What to expect in the spring property market
The post-boom market might have cooled slightly, but there is still plenty of life left in the property market this spring.
The shift from a seller’s to a buyer’s market means first home buyers who had all but given up hope of home ownership are now faced with the best opportunity they’ve had in years to get onto the property ladder.
Industry crackdowns and reduced investor activity resulted in a frosty winter market, marred by passed-in auctions and a property price dip, but spring is set to be the season of the first home buyer.
Toby Balazs, chief executive officer of realestateview.com.au, is optimistic about the outlook for the rest of the year.
“Spring is historically the busiest period for property,” he said.
“With the stamp duty concessions and first home buyer incentives that were introduced last year, we can expect a higher proportion of first home buyers to enter the market.”
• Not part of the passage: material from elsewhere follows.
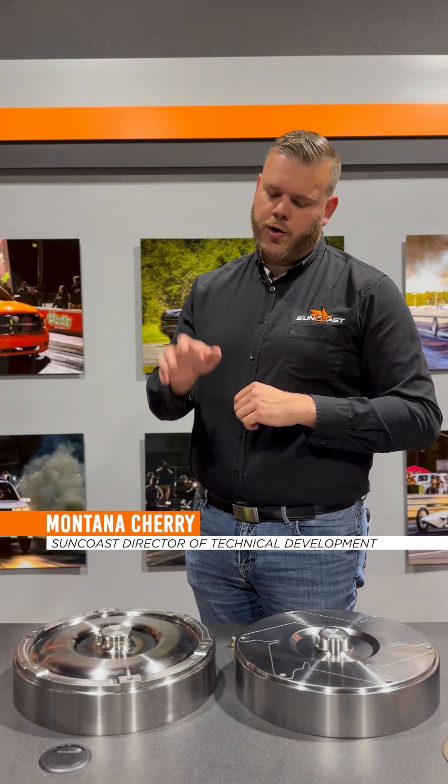Time to do a little Suncoast shop talk with you guys. In front of us today we have 68 RFE torque converter covers. I get a lot of calls asking: what bolts do I use? Do I use Loctite? What are these things torque down to? So let's get into it.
Many experts agree that it will be an increase in first home buyer activity that will shield the market from a crash, particularly in Melbourne and Sydney.
Hobart is expected to continue enjoying strong growth, fuelled in part by interstate investors seeking affordable options outside their home towns, while Perth, Brisbane and Adelaide are forecast to achieve modest gains.
First home buyers in Victoria are relishing the benefits afforded to them by the Victorian Government’s Homes for Victorians package, introduced last year.
The suite of measures included a stamp duty exemption for first home buyers purchasing properties for less than $600,000, with further concessions available on homes up to $750,000 in value, applied on a sliding scale.
Fewer investors in the mix means less competition for auction debutantes, which should make the bidding war seem a little less intimidating, and many owners are winding back their excessive price expectations in the face of falling clearance rates —all of which makes for a dream come true for first home buyers. For those looking to buy in regional Victoria, the government is offering a boost to the tune of $20,000, doubling the first home buyers grant for new builds. Young first home buyers are flocking to regional towns and building their dream home on a spacious block for a fraction of what they could expect to pay, even on the outskirts of the capital.
First home buyer loan approvals are already on the rise, and agents are reporting a strong influx of inquiries from prospective first-time buyers.
“Already during the first two weeks of spring, visitors to our ‘buy’ section were up 25 per cent compared to the same period in June, and total visitors were up 18 per cent site-wide,” Mr Balazs said.